_EXERCISE:_
Exactly the lines from the start of the entries through the line with "Puede incluir: Un" are required in the output, with no pictures among them.

Short text fragments from websites
-------
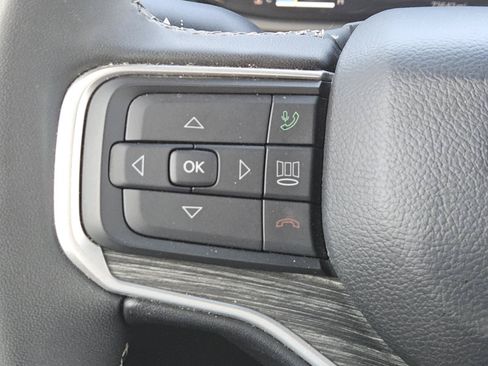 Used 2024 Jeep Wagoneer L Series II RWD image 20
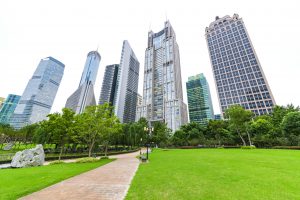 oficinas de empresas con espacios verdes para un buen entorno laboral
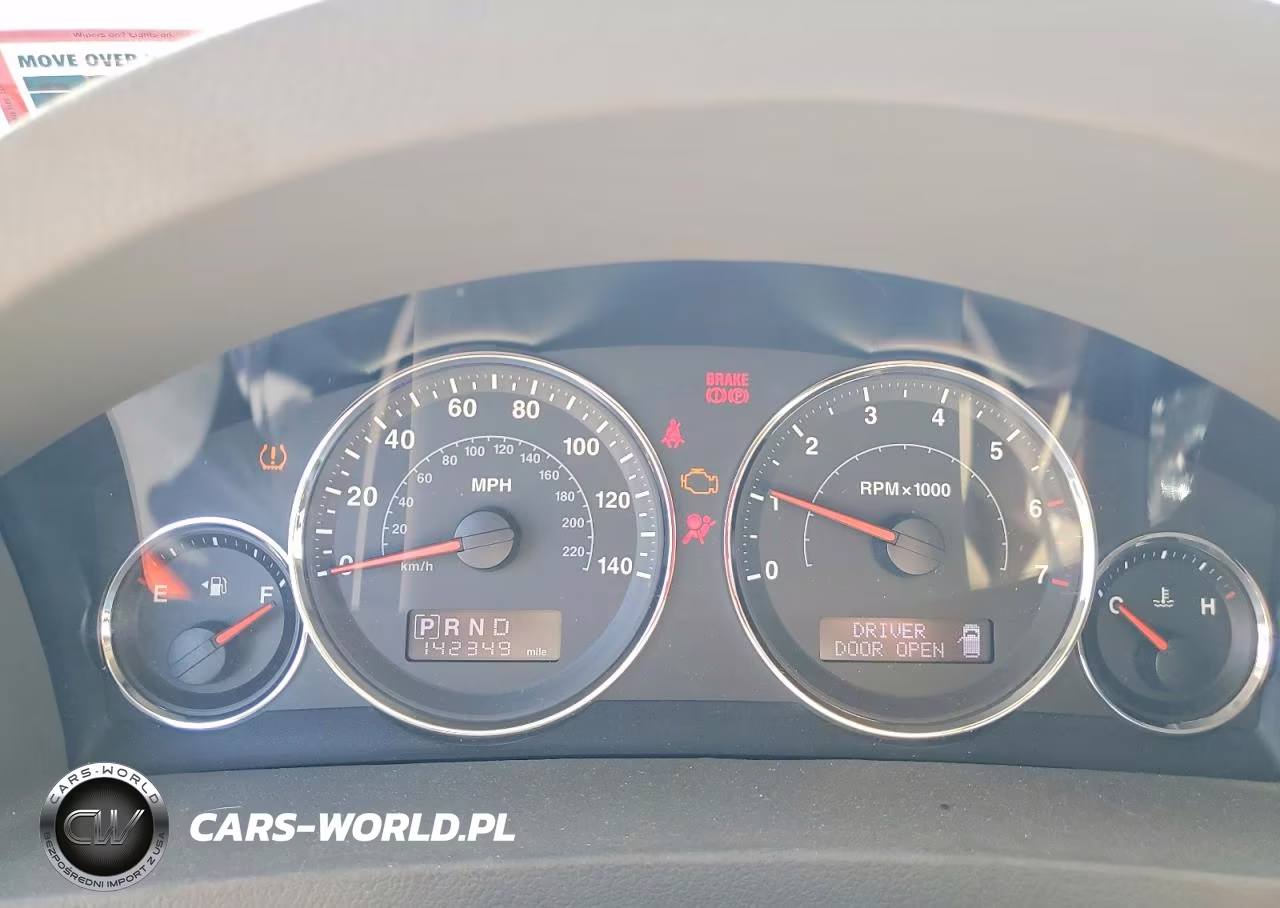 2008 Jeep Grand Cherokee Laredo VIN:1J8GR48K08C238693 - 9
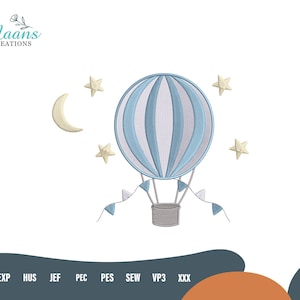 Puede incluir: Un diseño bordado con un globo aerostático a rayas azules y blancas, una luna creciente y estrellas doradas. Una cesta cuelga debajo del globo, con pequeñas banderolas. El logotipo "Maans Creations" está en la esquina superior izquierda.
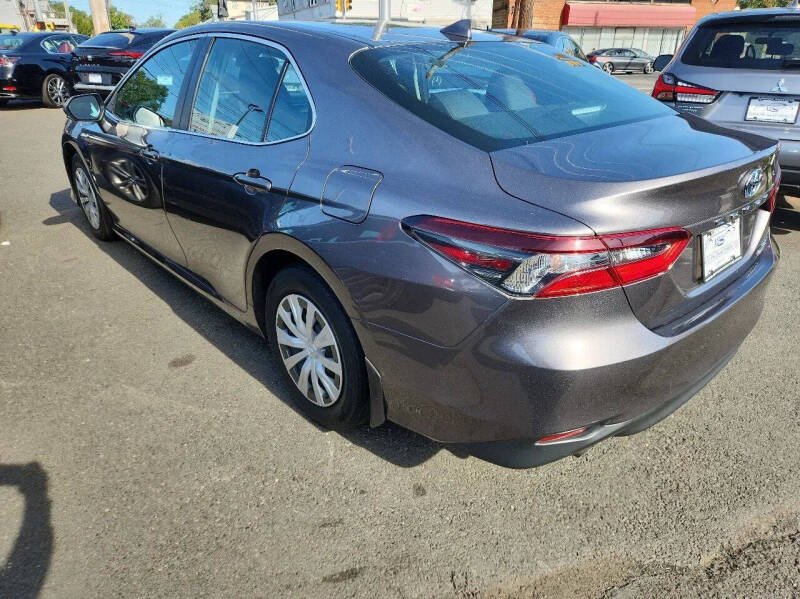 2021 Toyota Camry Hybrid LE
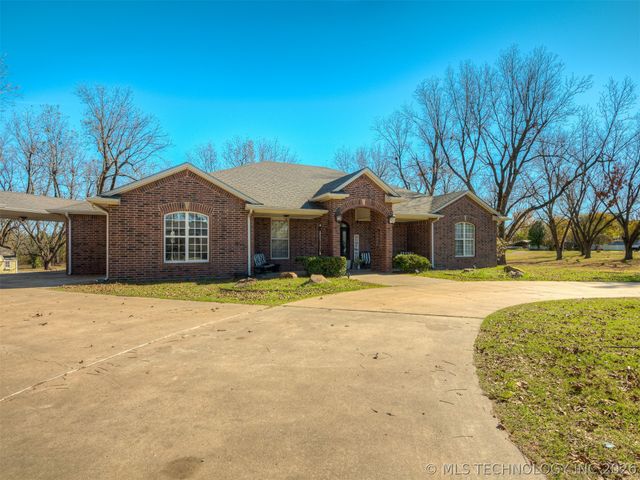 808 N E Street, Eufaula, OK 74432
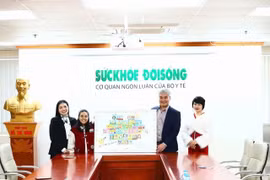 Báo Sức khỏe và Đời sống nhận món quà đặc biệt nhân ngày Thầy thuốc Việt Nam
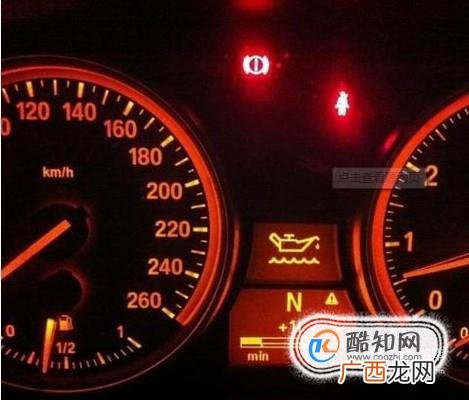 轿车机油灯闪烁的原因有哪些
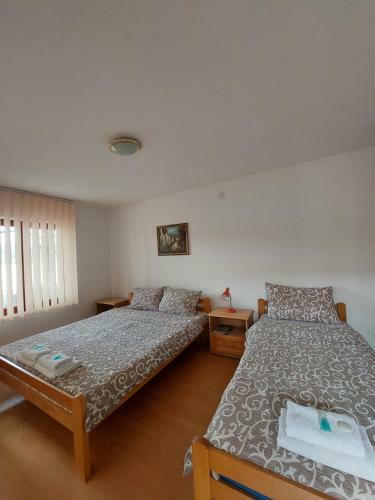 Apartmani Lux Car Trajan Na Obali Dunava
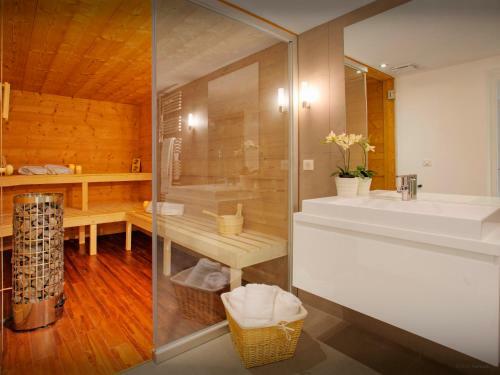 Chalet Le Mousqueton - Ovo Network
-------
_ANSWER TO THE PROBLEM:_
 Used 2024 Jeep Wagoneer L Series II RWD image 20
 oficinas de empresas con espacios verdes para un buen entorno laboral
 2008 Jeep Grand Cherokee Laredo VIN:1J8GR48K08C238693 - 9
 Puede incluir: Un diseño bordado con un globo aerostático a rayas azules y blancas, una luna creciente y estrellas doradas. Una cesta cuelga debajo del globo, con pequeñas banderolas. El logotipo "Maans Creations" está en la esquina superior izquierda.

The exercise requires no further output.